(Beginning of DATASET CONTENT)

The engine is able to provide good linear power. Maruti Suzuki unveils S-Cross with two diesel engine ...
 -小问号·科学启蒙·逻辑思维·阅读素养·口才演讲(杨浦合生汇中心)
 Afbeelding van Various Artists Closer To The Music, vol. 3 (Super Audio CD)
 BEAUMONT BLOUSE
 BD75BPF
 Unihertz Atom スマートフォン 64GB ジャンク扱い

(End of DATASET CONTENT)

_DESCRIPTION OF THE TASK_
Reproduce only the lines running from the one that contains "BEAUMONT BLOUSE" to the last line of the records.

_WRITTEN ANSWER_
 BEAUMONT BLOUSE
 BD75BPF
 Unihertz Atom スマートフォン 64GB ジャンク扱い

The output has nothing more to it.